Directions – Please begin with the line containing "微信語(yǔ)音轉(zhuǎ" and reproduce each line exactly until the records below end, without any pictures.

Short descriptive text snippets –
━━━━━━━━━━

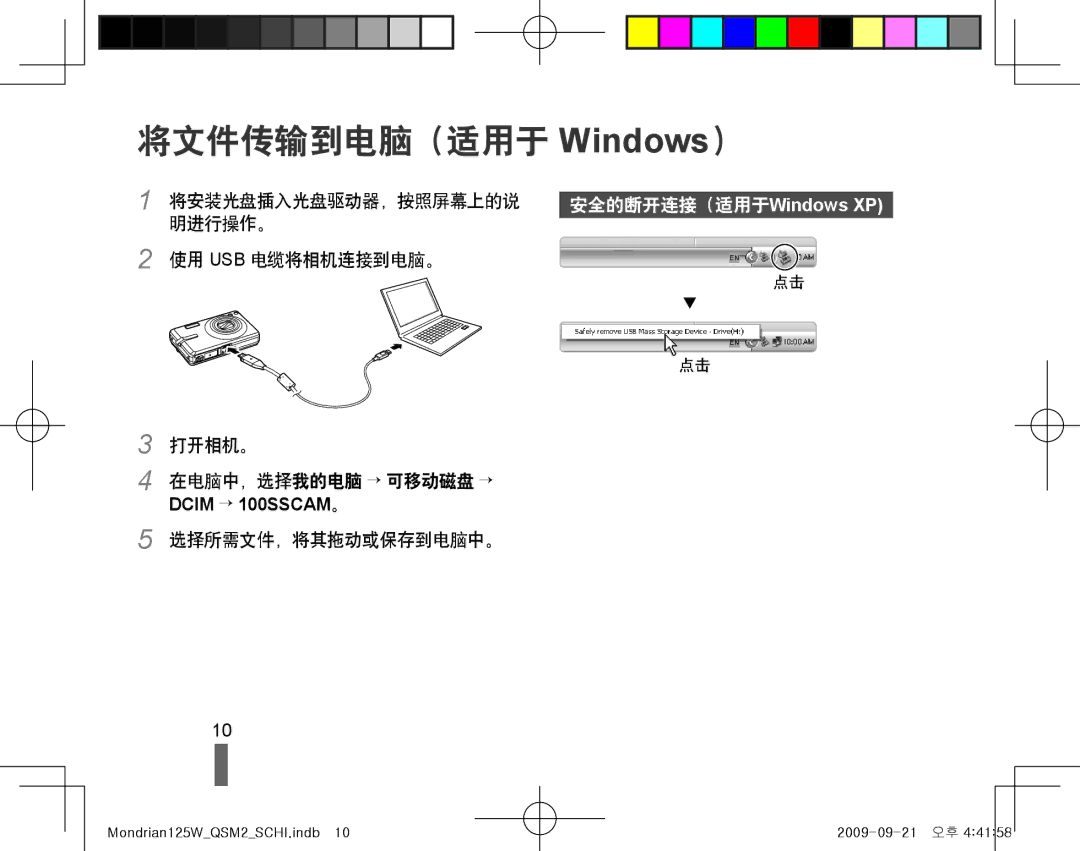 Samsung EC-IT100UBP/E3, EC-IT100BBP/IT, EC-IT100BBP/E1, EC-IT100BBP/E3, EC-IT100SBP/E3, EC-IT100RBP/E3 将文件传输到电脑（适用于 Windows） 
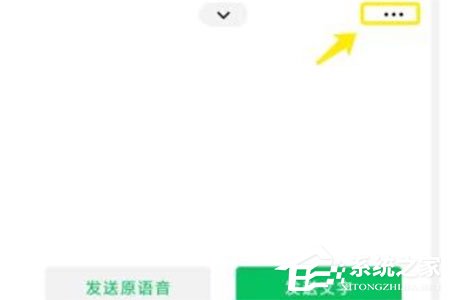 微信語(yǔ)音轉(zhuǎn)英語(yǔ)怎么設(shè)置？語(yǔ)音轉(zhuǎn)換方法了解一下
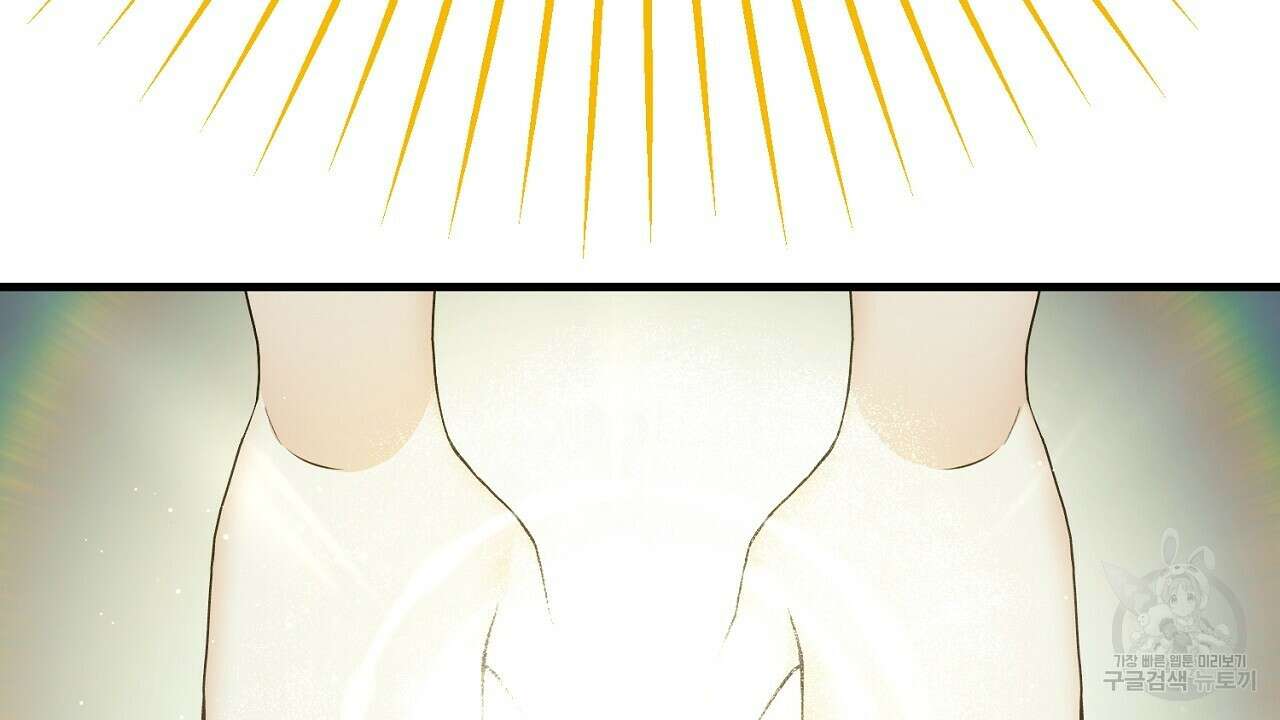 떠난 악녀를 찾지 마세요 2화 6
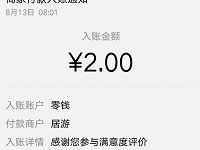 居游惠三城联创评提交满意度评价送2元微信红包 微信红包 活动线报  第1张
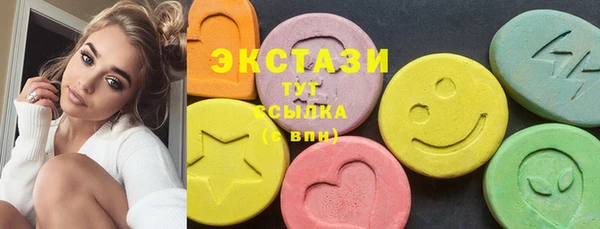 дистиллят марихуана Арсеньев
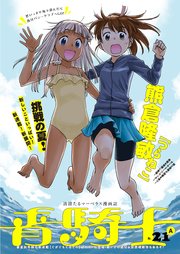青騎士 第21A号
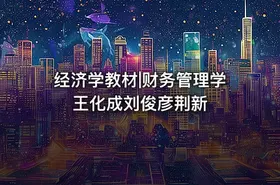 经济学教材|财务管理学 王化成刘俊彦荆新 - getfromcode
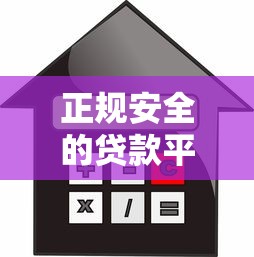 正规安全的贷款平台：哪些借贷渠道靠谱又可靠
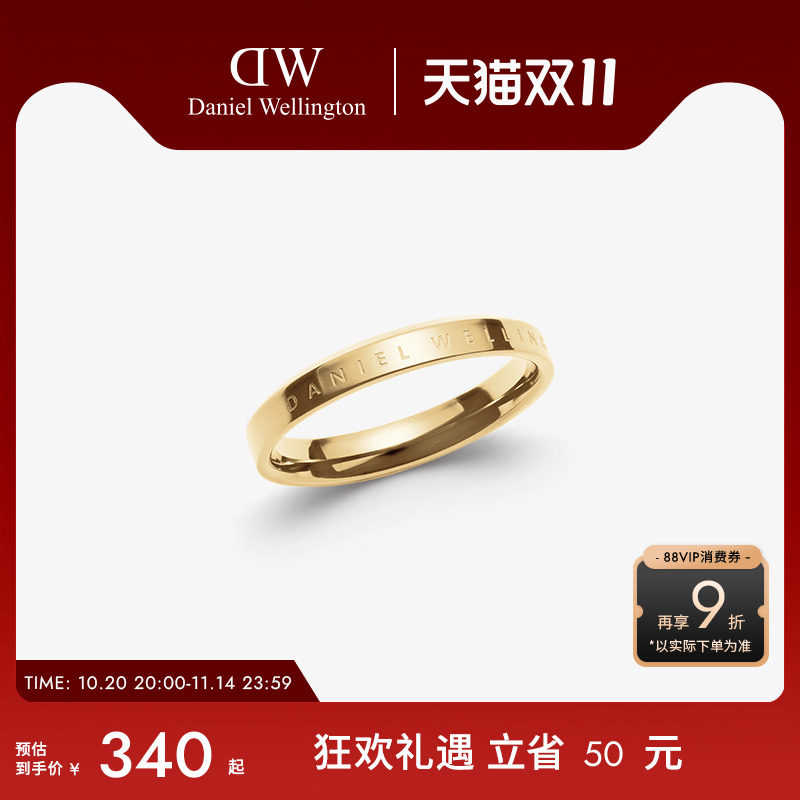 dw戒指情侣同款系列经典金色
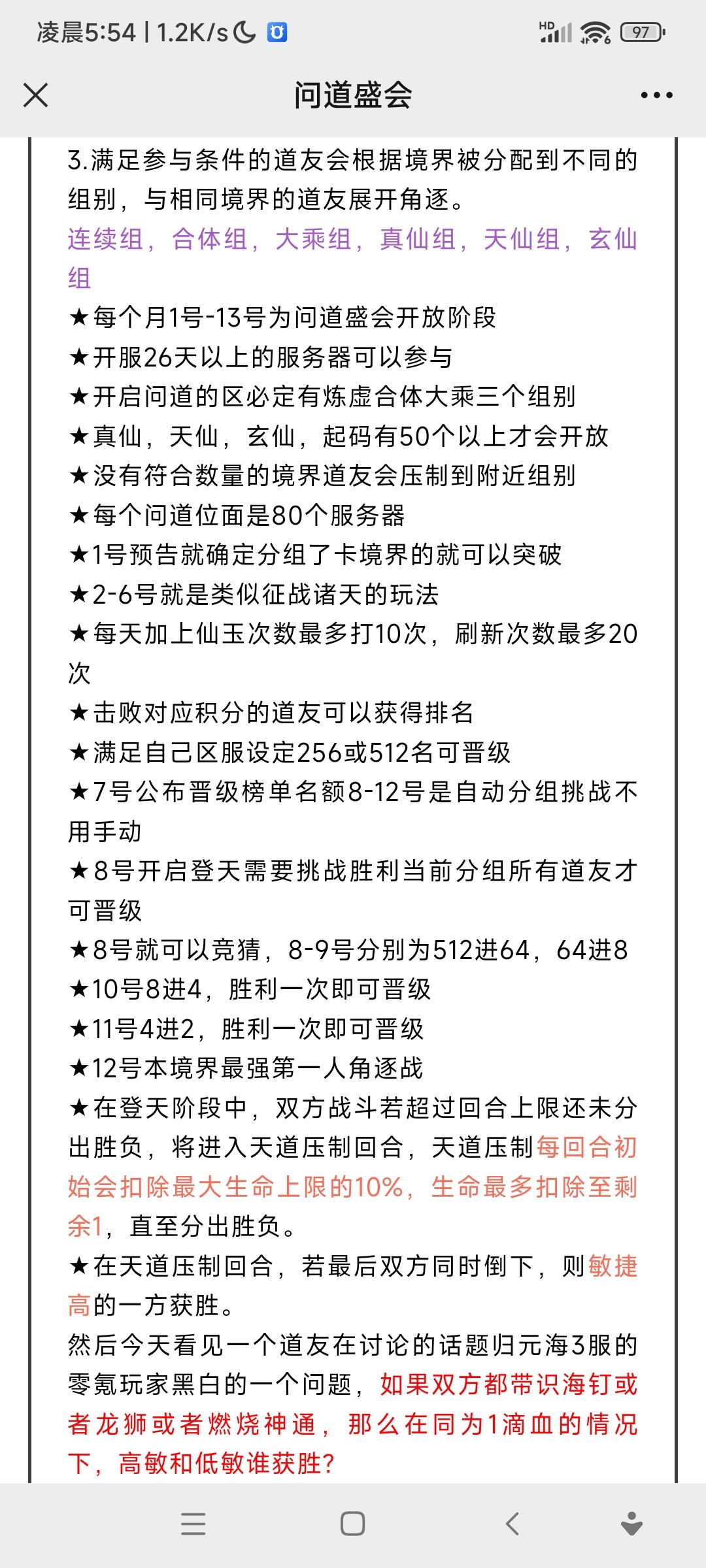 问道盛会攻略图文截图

━━━━━━━━━━

Exercise response –
 微信語(yǔ)音轉(zhuǎn)英語(yǔ)怎么設(shè)置？語(yǔ)音轉(zhuǎn)換方法了解一下
 떠난 악녀를 찾지 마세요 2화 6
 居游惠三城联创评提交满意度评价送2元微信红包 微信红包 活动线报  第1张
 дистиллят марихуана Арсеньев
青騎士 第21A号
 经济学教材|财务管理学 王化成刘俊彦荆新 - getfromcode
 正规安全的贷款平台：哪些借贷渠道靠谱又可靠
 dw戒指情侣同款系列经典金色
 问道盛会攻略图文截图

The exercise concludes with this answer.